## AIM OF THE EXERCISE
Lines to return, exactly: from the line with "你們知道深圳專業防水補漏哪個公司做得好啊" to the line with "You are currently" in the entries below, both included.

## DATA PROVIDED
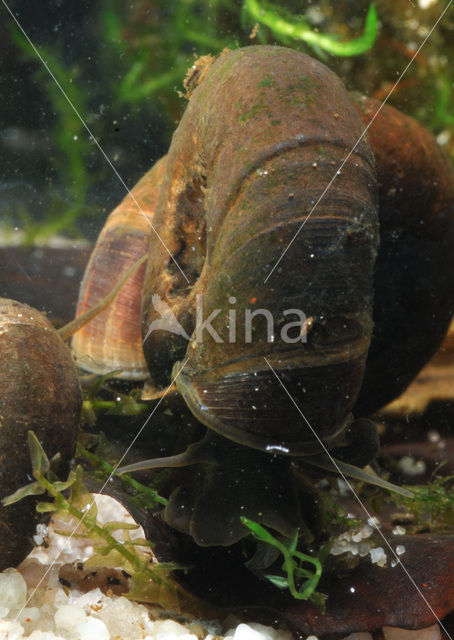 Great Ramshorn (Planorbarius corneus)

==

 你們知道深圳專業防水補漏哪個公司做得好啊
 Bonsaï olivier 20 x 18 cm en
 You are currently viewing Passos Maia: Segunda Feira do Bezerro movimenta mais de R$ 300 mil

* * *

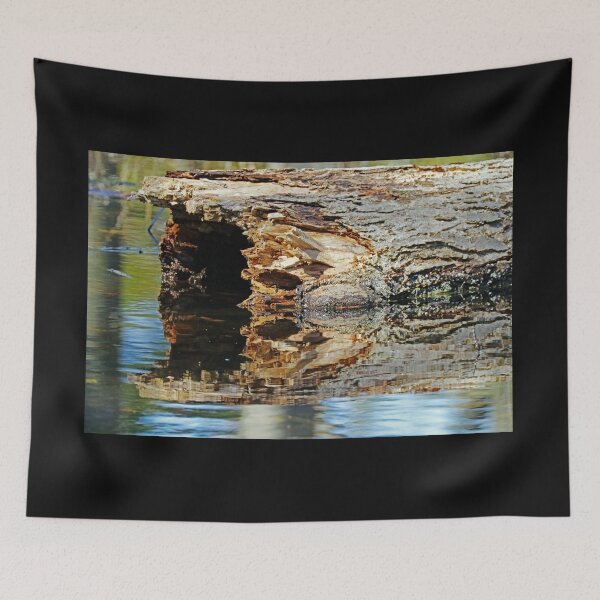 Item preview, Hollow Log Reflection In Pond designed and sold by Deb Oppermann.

## ANSWER BELOW
 你們知道深圳專業防水補漏哪個公司做得好啊
 Bonsaï olivier 20 x 18 cm en
 You are currently viewing Passos Maia: Segunda Feira do Bezerro movimenta mais de R$ 300 mil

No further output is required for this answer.